*** DATASET RECORDS Section Begins ***

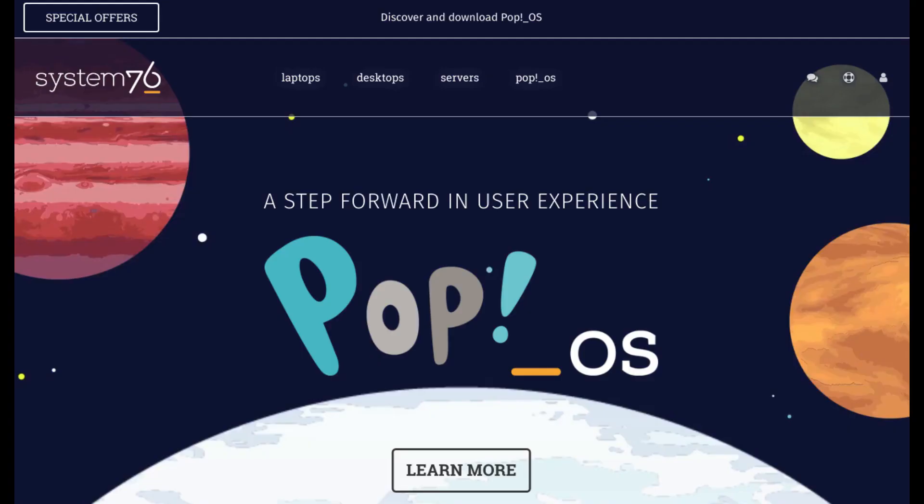Next time I'll be talking about Pop OS, the Linux distribution by System76. I've been using Pop on several workstations over the last few months. I've really enjoyed it. Check them out if you're interested. Thanks for watching.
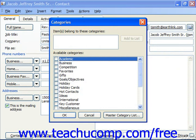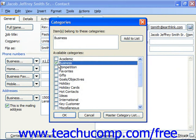This will display the Categories dialog box. Simply click to check the type of category for this contact from the available categories list box. You can assign them to multiple categories if you would like.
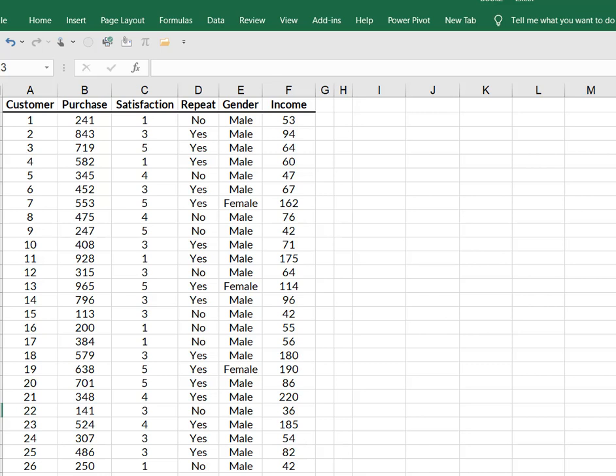And what I want to do is, I want to plot purchase against income. In other words, I want to use income as a predictor of their purchase amount.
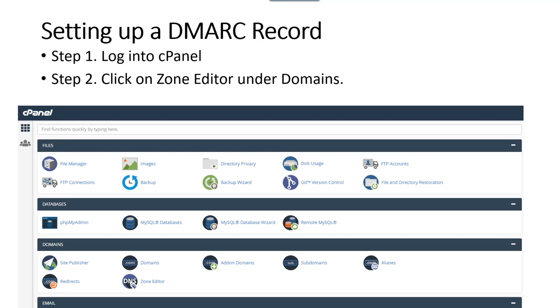Step one: log into cPanel. Step two: click on the zone editor under the Domains section. This here is your zone editor.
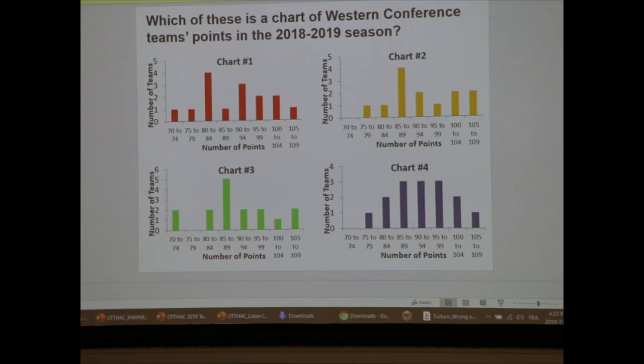So the point is basically hockey is all luck and we're hopeless. But chart one was the correct answer. Congratulations, and best of luck.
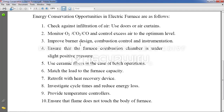Next point: retrofit with a heat recovery device. As already discussed in the context of ovens, the heat which is getting wasted can be re-utilized if possible, which is very beneficial.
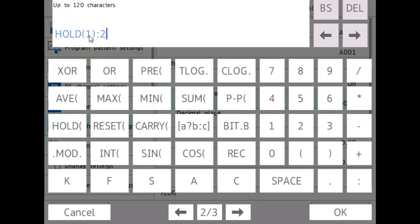So when channel one is a non-zero value, it will stop adding to channel two. So that value will freeze, basically.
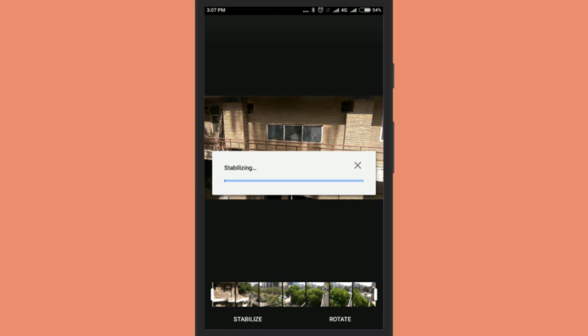As soon as you do that, the stabilization process will start. As it runs locally, it might take some time dependent on the duration and quality of the video. Once the stabilization process is over, you will see a preview of the edited video.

*** DATASET RECORDS Section Ends ***

■ **TASK STATEMENT**:
Return, exactly as they stand, all of the lines above, but not the pictures.

■ **OUTPUT FOR THIS TASK**:
Next time I'll be talking about Pop OS, the Linux distribution by System76. I've been using Pop on several workstations over the last few months. I've really enjoyed it. Check them out if you're interested. Thanks for watching.
This will display the Categories dialog box. Simply click to check the type of category for this contact from the available categories list box. You can assign them to multiple categories if you would like.
And what I want to do is, I want to plot purchase against income. In other words, I want to use income as a predictor of their purchase amount.
Step one: log into cPanel. Step two: click on the zone editor under the Domains section. This here is your zone editor.
So the point is basically hockey is all luck and we're hopeless. But chart one was the correct answer. Congratulations, and best of luck.
Next point: retrofit with a heat recovery device. As already discussed in the context of ovens, the heat which is getting wasted can be re-utilized if possible, which is very beneficial.
So when channel one is a non-zero value, it will stop adding to channel two. So that value will freeze, basically.
As soon as you do that, the stabilization process will start. As it runs locally, it might take some time dependent on the duration and quality of the video. Once the stabilization process is over, you will see a preview of the edited video.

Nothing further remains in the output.